Review: Space transportation systems, present and future
by Jeff Foust
|McElyea warns in Project Constellation that “Describing an evolving program is much like describing a lava lamp or clouds in the summer sky.”|
Project Constellation takes its name from the underused designation for the Orion spacecraft and Ares launch vehicles that will replace the Shuttle and—if all goes well from a technical and budgetary standpoint—send humans back to the Moon. This book provides an overview of the Orion and Ares programs, going into some technical detail about key components, such as the engines that will be used. About half the book is text and diagrams covering the development of these systems, with the second half reserved for color photos and illustrations of these vehicles. Given that the overall Constellation program is a moving target, with shifting details and deadlines—as seen as recently as last week, when NASA administrator Michael Griffin told Congress that the first manned Orion flight was now scheduled for March 2015, considerably later than previously planned—Tim McElyea has done a good job keeping on top of these changes, within the limitations of the book publication cycle. He includes, for example, a reference to an internal NASA study of an “Ares 4” launch vehicle that could be used in place of both the Ares 1 and Ares 5 for lunar missions, a study that only became public earlier this year.
McElyea is aware of the dynamic nature of the Constellation program, and includes an author’s note at the beginning of book where he states, “Describing an evolving program is much like describing a lava lamp or clouds in the summer sky.

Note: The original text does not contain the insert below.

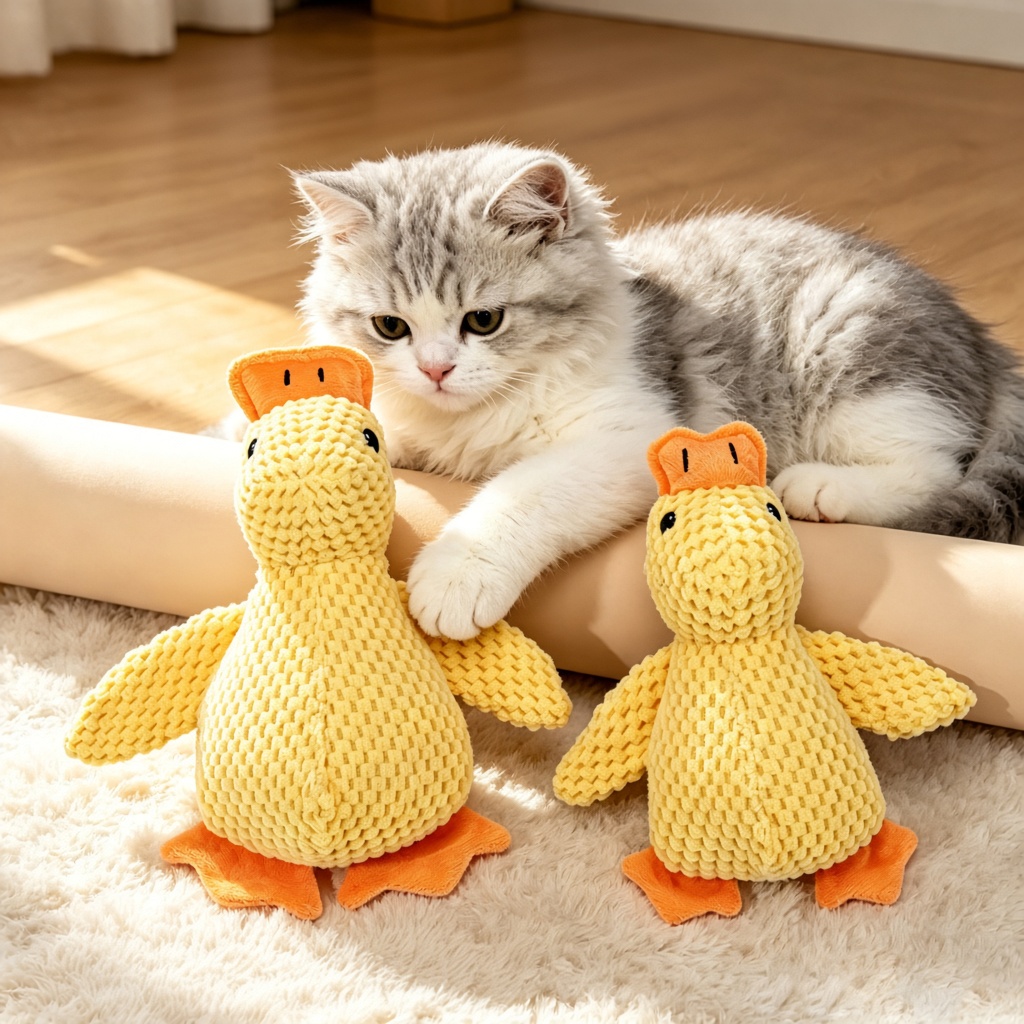 Crinkle Catnip Plush Duck Toy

One can describe it in generalities and be reasonably accurate but the closer one gets to describing the details the greater the potential becomes for inaccuracies over time.” That is certainly the case for Constellation, which could face even bigger changes in two years’ time, after a new president takes office and decides to put his or her stamp on the space agency. In any event, Project Constellation provides a brief but illuminating snapshot of the current state of the program, just as Space Shuttle Fact Archive gives a summary of the essential facts about the system to be replaced by Constellation.